May 25, 2016
I can’t tell you how many people have said to me, “Why didn’t you get sober after your first DUI?” These people were not alcoholics mind you; they were normal drinkers who didn’t understand why anyone would get a DUI in the first place, let alone – GASP – a second one! It’s pretty normal to hear people at an AA meeting that have had five, six, seven, DUIs – commonplace really. It’s also pretty normal to hear people that didn’t have any DUIs and they still got sober. I always assumed those people lived in New York City, or had another bottom that didn’t relate to getting a DUI. I’m grateful I didn’t live in NYC, because it was my second DUI that got me sober. I didn’t get sober because I thought I had a problem. I mean, let me explain, I knew I had a problem – I just didn’t give a crap. I was fine living my life like a 20-year-old tartlet and thought I was totally cool. I was 37 years old and I was so not cool. The State of California seemed to think that my DUI was something that needed to be addressed. So here I was, sitting on my second DUI, and I was a bit of a hot mess and befuddled with how I ended up here. I was still gallivanting around town like a collegiate party girl. How did this happen? It happened because I let it happen. Feeling very defeated and worn out, my solution was to start drinking box wine at home and not go out anymore. This was how I was going to live my life now. Not once did I think I should quit drinking.
The first DUI wasn’t that bad really. It was five years prior and I was back home in suburban Philadelphia visiting family and friends over Christmas. I was out at my local watering hole where everyone knew my name, my own personal “Cheers”. We were doing shots, drinking like it was Senior Week – whooping it up – a normal evening amongst friends. Driving back to my sister’s house I had apparently swerved and hit a couple trash cans on the side of the road. BUSTED! I scurried my butt back to California and had my Dad manage this inconvenience for me as I was living 3,000 miles away and didn’t have time to address this nuisance. I attended 6 alcohol education classes and forged a certificate to say I did 20 hours of Community Service in San Diego. Easy Peasey.
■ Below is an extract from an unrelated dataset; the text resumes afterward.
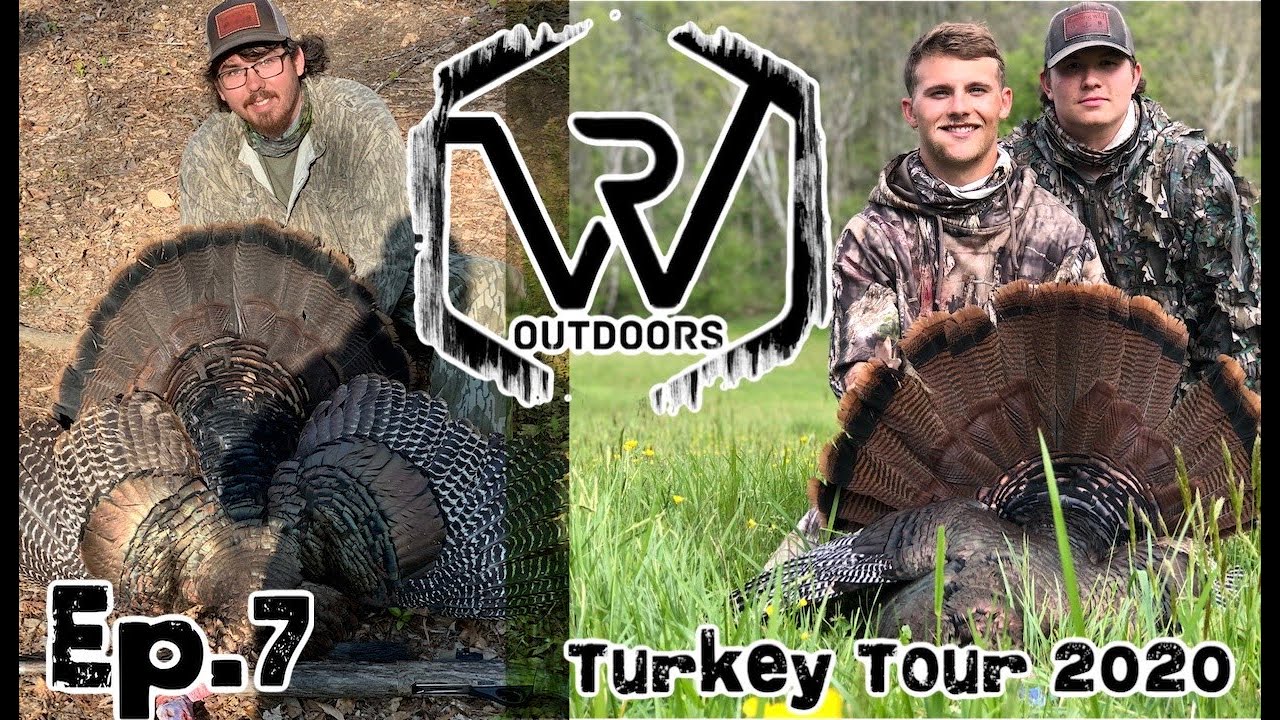 Turkey Hunting in Tennessee 2020 YouTube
Fast forward to five years later where that fateful night had me out drinking in downtown Carlsbad. I chose my apartment in downtown Carlsbad because of the location, as it was close to the downtown bar scene; this way I could drink and walk about town and not worry about driving. Unfortunately for me that evening it was a balmy 60 degrees and I decided to drive. Too chilly for this Philly gal. At 11.30 pm, I pulled hurriedly into the parking lot of Texas Liquor, after just bumping over a central median. Whew that was close! Minutes later, sirens and flashing lights screeched in behind me and barricaded my vehicle. Struck sober, I soon realized this wasn’t going to be the highlight of my weekend.
Upon instructions from my lawyer, I was given the task of getting a court card signed by attending an Alcoholics Anonymous meeting. He commented to me that since it was my second DUI, they could really throw the book at me. Okay sure, I will go to a meeting. But not tonight, I really need to drink.
It took over six weeks for me to finally muster enough courage to walk into that AA meeting. I remember sitting in my car cursing myself to get out and walk into the meeting. How hard could this be? I only went because I wanted the court to show some mercy on me. I had no intention of getting sober. That was never even a thought.
What I heard at that meeting was Hope. Hope that maybe I could quit drinking. Hope that maybe I won’t have to keep doing the same stupid shit that I’d been doing for the past 24 years and Hope that maybe there is another way to live. Sober.
I ran out of that meeting before the closing Serenity prayer ended and went home where I guzzled down two bottles of wine. I drank every day for the next week and during that drunken week I had my moment of clarity. Bam! The green flash of sunset and stark realization came to me; everything bad that had ever happened to me in my life was from drinking and drugging. Everything. I had nothing to show for my life. I was alone, financially and emotionally starved, barely able to make ends meet and living a studio apartment. I didn’t own anything. I had pawned all I could, while going to payday loan places just to hold me until my next paycheck. I also had a recreational cocaine problem, did I mention that?
On that seventh day, I ended up at the Carlsbad Speaker Meeting in Carlsbad where I purchased a Big Book and heard a women share my story. I figured I should give this sobriety thing a shot. I had no other options. I haven’t looked back since and today my life is better than I ever could have imagined. So glad I wasn’t living in NYC that evening. That second DUI saved me, and it got me sober.